Walking safaris were invented by the late Norman Carr, a pioneer of safaris in Africa and especially Zambia ,with South Luangwa NP being very close to his heart. I recommend every visitor to Africa takes the chance to go on a walking safari. They’re perfectly safe with an armed parked scout accompanying you on your walk in case any trouble arises but the knowledgeable guides keep you out of harm’s way and the gun is just a last resort.
Walking through the bush you see a lot of things you’re likely to miss whilst in a vehicle. Manda is extremely knowledgeable on the medicinal uses for plants, one of which whose seeds can be ground up, added to oil and drunk. The perfect cure for constipation he told us.
A tree, which is so poisonous you get ill just from touching it. Manda told of a story of a group of poachers who were caught after using the leaves of the tree as a plate for their Nsima (the staple food) and in turn were poisoned. They all passed out and were found by a ranger patrol.
We also came across some porcupine quills, some were snapped. Clearly these hadn’t just fallen out and were more than likely from an altercation with some kind of predator. Amazingly animals will try to hunt porcupines, on my last sighting of Alice’s older son he had quills sticking from his neck and had a heavy limp from a battle with a porcupine.
Manda told us burning the quills and inhaling the smoke was supposed to stop a nose bleed although I think I’ll stick to using tissue for that one.
The sandy ground was ideal for tracking animals and we soon picked up fresh lion tracks heading towards the river but on arriving there there was no sign of the lions and the tracks were now heading away from the river. The riverside tracks had actually been trod on by hippos heading back to the river but it gave us an idea of timing, hippos will head back to the river a few hours before dawn so we were quite behind the lions for the moment.
Continuing in the general direction Manda thought the lions had gone we found some leopard tracks too, the animal highways becoming obvious in the sand with leopard, puku, impala, elephant and various bird tracks all intertwining and overlapping one another.

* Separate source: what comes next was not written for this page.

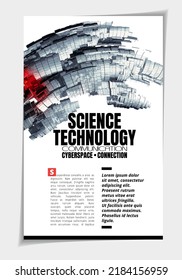 Folleto, libro de edición o simulación de presentación con tema de tecnología listo para su uso, ilustración vectorial fácil de editar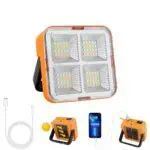 Projecteur LED Rechargeable Original 160 LEDs Lampe de Chantier Lumière de Travail Portable avec Panneau Solaire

As the sun beat down we sought refuge in the shade and to stop for a tea break, Manda jumped up on a fallen tree and had a scan around before casually saying ‘There they are’. We had chosen a tea spot not 80 metres from the lions, sleeping beneath some bushes. Judging by their belly size they had made a kill the previous night after we had seen them.
Our quest was complete, we’d found the lions and encountering them on foot provided some extra excitement, even if they were doing what lions do best, sleeping.